I’m not quite sure why I have never got round to watching Peter Shaffer’s Equus before – well, in fact, it’s the film version I’ve seen, but the screenplay is by Shaffer. I suppose I was repelled by the idea of a story based upon a boy blinding horses. But although I find the act deeply repugnant, overall I’m glad I watched the film.

It’s a mainstream piece of writing, but really it borrows aspects of the crime novel, not just in the criminal subject matter, but also in terms of the detective work done by the psychiatrist, played by Richard Burton, who tries to understand the forces that drove the boy, played by Peter Firth, to act as cruelly as he did.

Peter Shaffer, with his equally gifted twin brother Antony, collaborated on a short-lived series of detective novels published in the 50s but very much in the Golden Age tradition before moving on to darker and less plot-orientated material. Those books are still enjoyable light reads, by the way.

I found the film compelling, and a reminder of what a good director the late Sidney Lumet was. A word of warning – the violence is graphic, and there is full frontal nudity.
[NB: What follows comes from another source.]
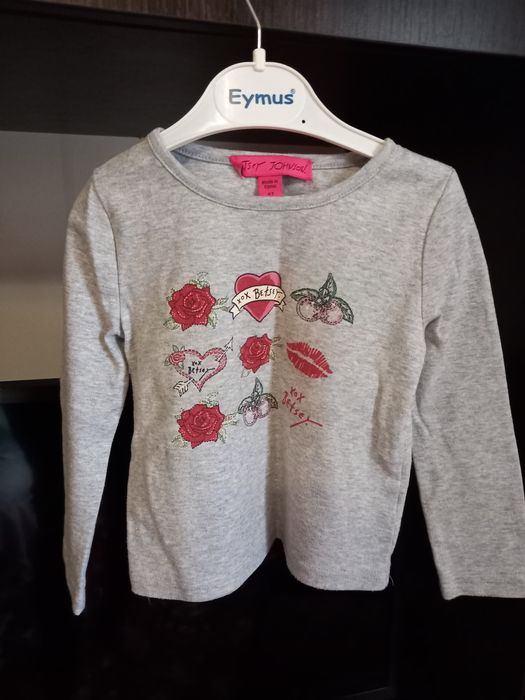 Куртки для дівчинки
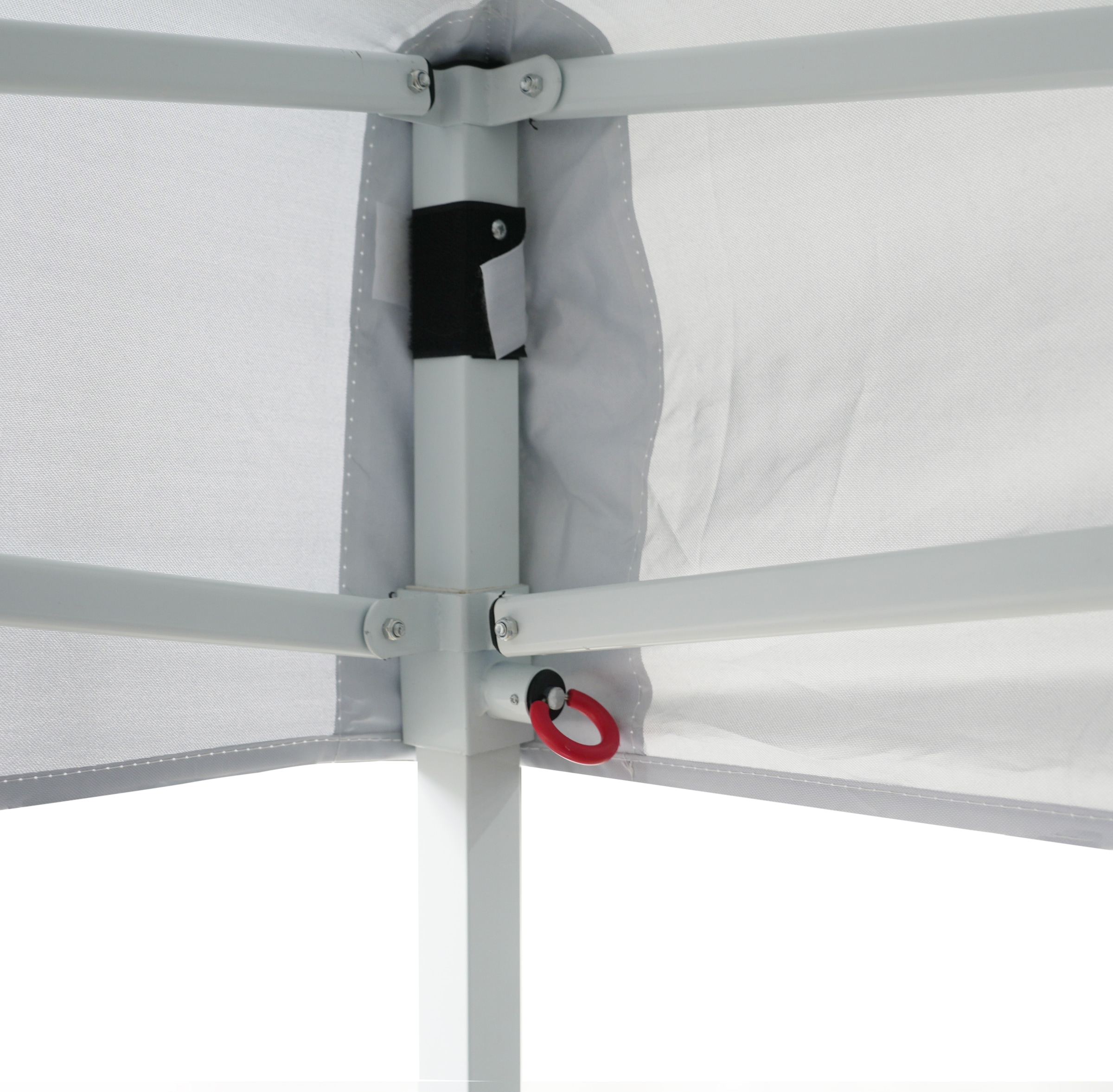 KONIFERA Faltpavillon »Premium Partyzelt« BxTxH: 300x600x330 cm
Mind you, since the nudity features both Peter Firth and Jenny Agutter, two exceptionally good-looking actors, this might just attract some viewers. The sex and violence is not gratuitous, though. It’s a serious film about a deeply serious subject.
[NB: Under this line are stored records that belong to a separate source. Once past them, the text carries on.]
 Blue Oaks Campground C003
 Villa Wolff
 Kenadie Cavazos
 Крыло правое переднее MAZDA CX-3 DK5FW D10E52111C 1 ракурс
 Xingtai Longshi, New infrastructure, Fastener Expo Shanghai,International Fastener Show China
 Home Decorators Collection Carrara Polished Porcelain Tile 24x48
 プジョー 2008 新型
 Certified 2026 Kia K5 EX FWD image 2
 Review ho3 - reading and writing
I thought Burton’s performance superb, even though I’d have liked more insight into his character’s personal demons. The parents of the boy are also splendidly played by Joan Plowright and the utterly brilliant Colin Blakely, who died far too young.

3 comments:

seana graham said...

I saw this play not once but twice on stage when I was still a freshman in college. I'm still amazed that I happened to see it the second time in L.A., played by the great Anthony Hopkins.

The nudity in the play was a problem the other version, but only because I happened to be seeing it with my roommates parents...

Kristopher said...

I keep meaning to watch this movie at some point.

I saw the recent revival on Broadway with Richard Griffiths, Daniel Radcliffe and Anna Camp.

Stunning cast and excellent production.

I will have to add the movie to my Netflix queue.

John said...

So much more effective and powerful on stage than the movie version. The way the horses were portrayed by men with masks - so theatrical and visually metaphorical. I've always been haunted by this play. A lot of people I know can't stand it and call it artificial. But ALL theater is artificial in some way or another. That kind of criticism baffles me.

I think EQUUS inspired a slew of psychiatrist-as-detective plays. AGNES OF GOD (which explores a possible virgin birth by a nun) is the most closely related and the most well known.